A high proportion of prostate cancer patients have their care pathways changed after being scanned with PET/CT enhanced by the injected radiotracer gallium-68 (Ga-68) and prostate-specific membrane antigen (PSMA).
In the prospective, multicenter study behind the finding, the patients most impacted were those for whom the prostate-specific molecular imaging yielded detection of previously unsuspected disease and those whose cancer came back after surgery and/or radiation therapy.

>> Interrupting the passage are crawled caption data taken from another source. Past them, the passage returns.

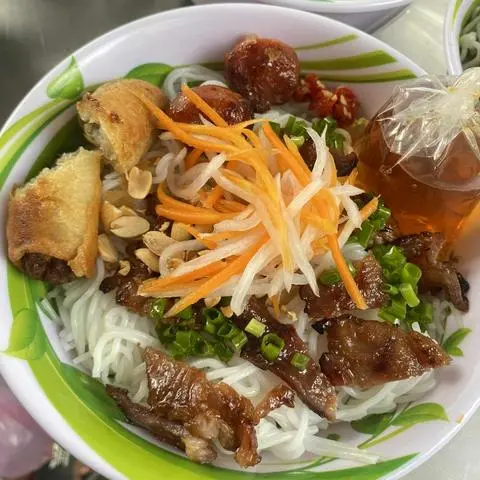 Hình ảnh bún thẩp cẩm + Pepsi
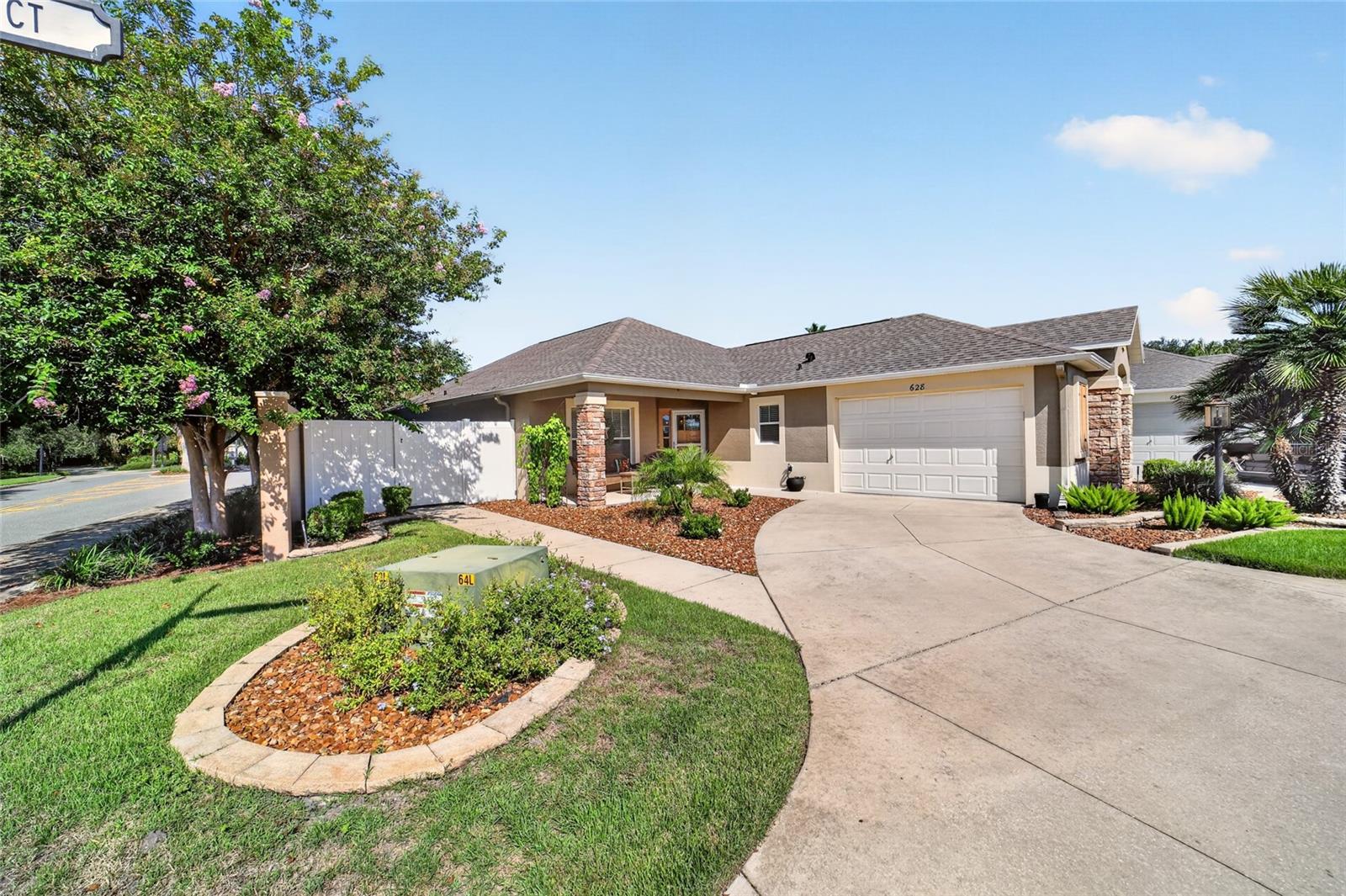 Photo 4 of House for sale at 628 Bermudez Ct, The Villages, FL 32162 | MLS# G5116278 | Listing updated on 2026-09-21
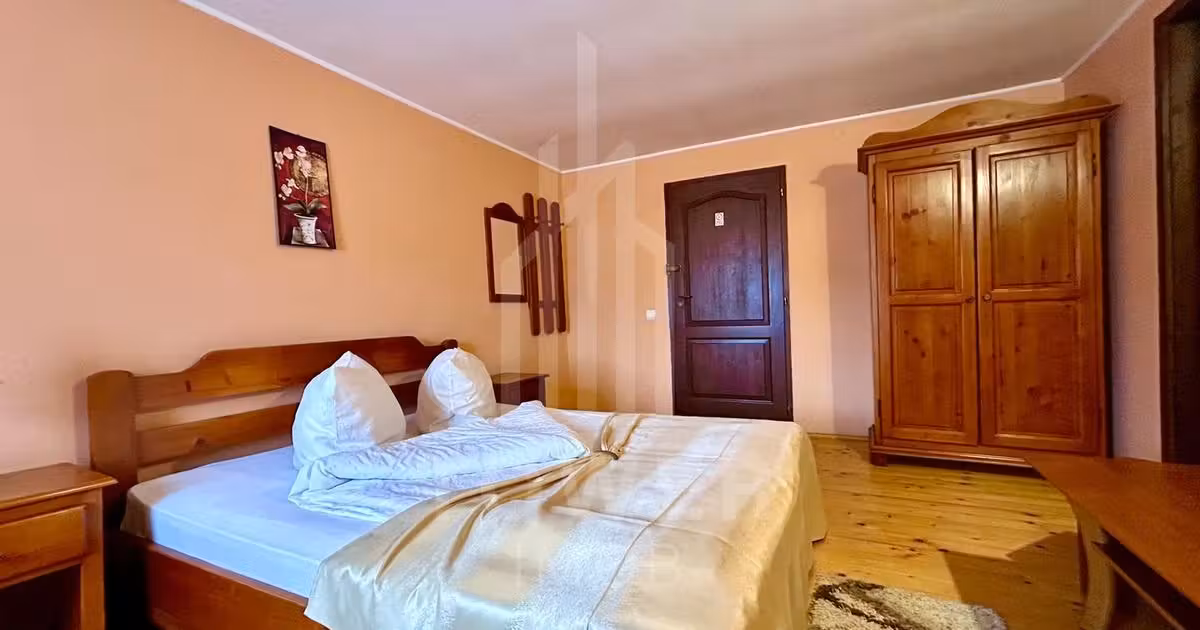 Spațiu comercial de vânzare de 890 mp, în Bazna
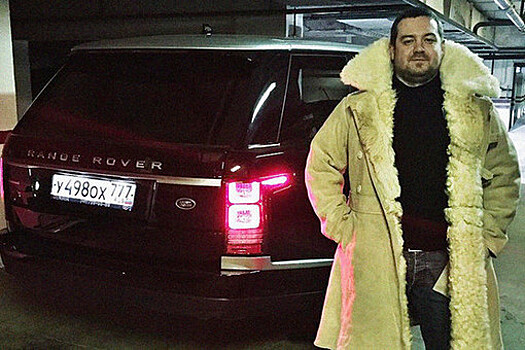Автоблогер Давидыч восхитился мужчиной, который на спор присел две тысячи раз
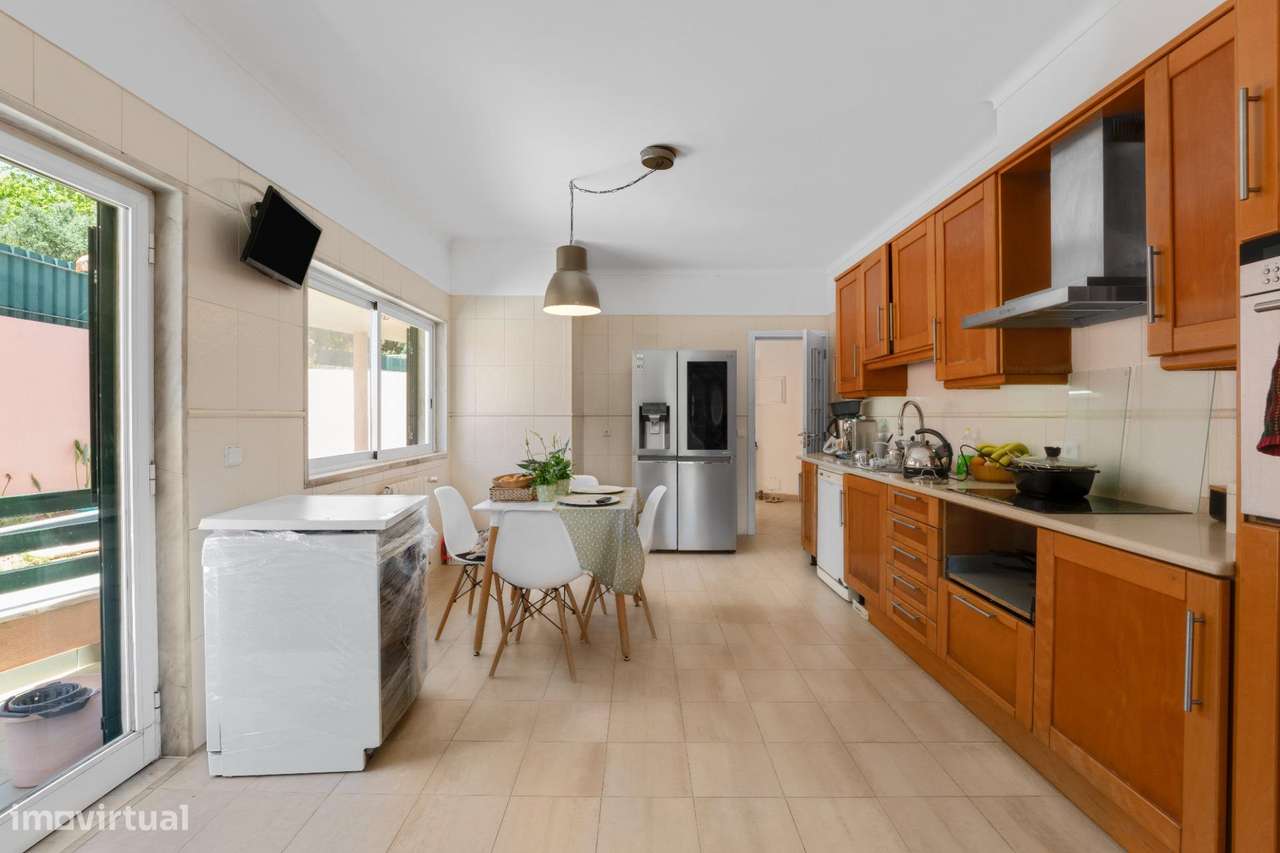 Moradia T4+1 com piscina e jardim, no Murganhal, Caxias-17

The research was presented at last week’s annual meeting of the Society of Nuclear Medicine and Molecular Imaging in Denver and, in May, published in SNMMI’s Journal of Nuclear Medicine.
Paul Roach, MBBS, chief of nuclear medicine at Royal North Shore Hospital in Sydney, Australia, and colleagues analyzed data on 431 patients who had pre- and post-Ga68 PSMA management plans completed by their referring specialists.
Surveying the clinicians after the imaging, Roach and colleagues found more than half the patients, 51 percent, had been redirected on their course of care.
Among patients with recurring cancers, the change in care management affected 61 percent.
For those who had undergone surgery, the change-in-care response reached and eye-opening 69 percent.
Further, the PET/CT scanning with Ga68 PSMA detected disease that was not previously suspected in the prostate bed (30 percent of patients), locoregional lymph nodes (36 percent) and distant metastasis (16 percent).
In a press release sent by SNMMI from the conference, Roach calls prostate-specific PET/CT a game-changer.
“This is likely to become the primary imaging test for many patients with prostate cancer and will replace conventional imaging in many cases,” he says. “Given the prevalence of prostate cancer, this could lead to a significant increase in referrals to nuclear medicine and PET centers for Ga-68 PSMA PET/CT imaging worldwide.”